Looking for Playa Bowls vegetarian options? Good news: almost everything on the menu skips meat entirely, since this is a bowl-and-smoothie shop built around fruit, not a burger counter. If you’re new to the brand, start with our guide to eating vegetarian at restaurants for the ground rules we use everywhere on this site.

A Quick Look at Playa Bowls
Playa Bowls started on May 23, 2014, with a single sidewalk cart in Belmar, New Jersey. Founders Rob Giuliani and Abby Taylor, both surfers, had spent years chasing waves and acai bowls through Panama, Costa Rica, Nicaragua, Puerto Rico, and Hawaii, and they wanted to bring that surf-shop bowl culture home. They set up a blender, a patio table, a fridge, and a freezer on the sidewalk outside a pizza shop and started serving acai and pitaya bowls to beachgoers.

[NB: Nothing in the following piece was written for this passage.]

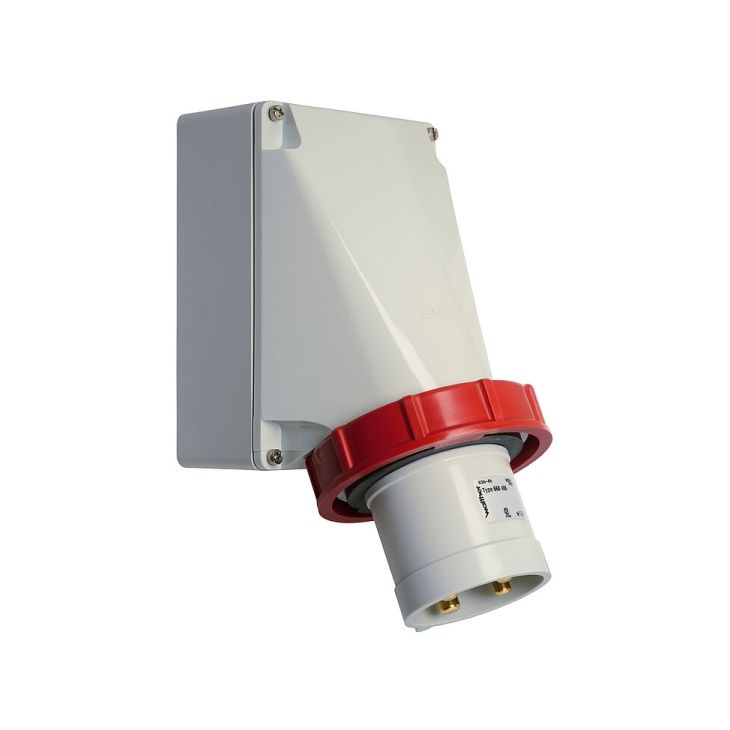 Wandgerâ€žtestecker 63A 4P >50 500V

The cart grew into a full Jersey Shore chain, then a national one. Playa Bowls opened its 200th location in 2023. Private equity firm Tamarix Equity Partners invested in 2021, when the brand had 126 units, and helped it add more than 150 locations over the next few years. In September 2024, Sycamore Partners, a major consumer-focused PE firm with roughly $10 billion in committed capital, acquired Playa Bowls outright. At the time of that sale, the chain had passed 250 locations across 22 states. It crossed 300 locations in 2025, added 85 new shops that year, and ranked #194 on the 2025 Franchise Times Top 400. As of mid-2026, Playa Bowls is nearing 400 US locations and has said it’s targeting 500 open by 2027.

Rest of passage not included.